M. Evelyn Killen ( Meredith; 1871–1951) was an American temperance movement advocate who served as President of the Delaware State Woman's Christian Temperance Union (WCTU).

==Early life and education==
Mary Evelyn Meredith was born on a farm near Petersburg, Delaware, September 10, 1871. Her parents were Peter Knotts Meredith (1833–1909) and Susannah (Broadway) Meredith (1839–1905). Mary's siblings were Leora and William.

She was educated in the local district school, at Felton, Delaware high school and seminary, and at Swarthmore College (for two years).

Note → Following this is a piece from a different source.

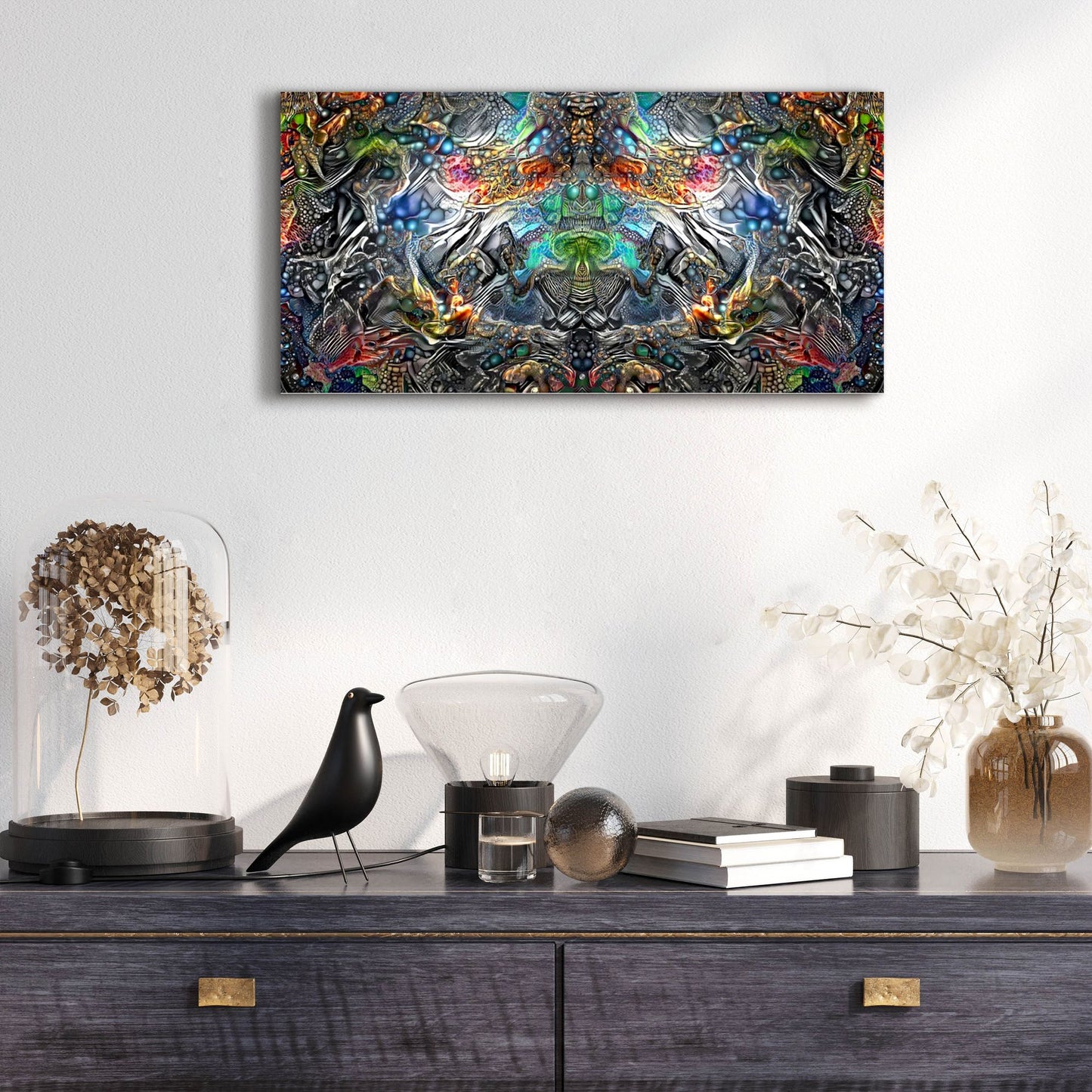 Epic Art 'Maria Sabinas Trance' by Pedro Gavidia, Acrylic Glass Wall Art,48x24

Early in life, Killen had begun to take an interest in the temperance cause, joining the local Band of Hope.

==Career==
After her marriage in 1893, Killen entered actively into the work of the WCTU of Felton, and served that organization in various official positions. In 1908, she was made president of the city Union, an office which she held for eight years; and from 1916, she was recording secretary. In 1911, she became recording secretary of the Kent County, Delaware Union and held that position for eleven years, after which she served as vice-president for one year and as president for two years, resigning in May, 1925. In 1923, she was elected vice-president of the Delaware State WCTU, and after a year's service, she succeeded to the presidency, which office she continued to hold at least until 1928. She was also general secretary of the Felton Young People's Branch of the WCTU. In 1931, she was the director of motion pictures for the Delaware WCTU. Even in later years, she remained active in Delaware State Union work, being referred to as Honorary president.

==Personal life==
In 1893, she married John Walson Killen (1857–1928), a farmer and nurseryman, of Felton. Their children were, Rachel, Ambrose, and William.

Evelyn Killen died in Felton, on February 4, 1951.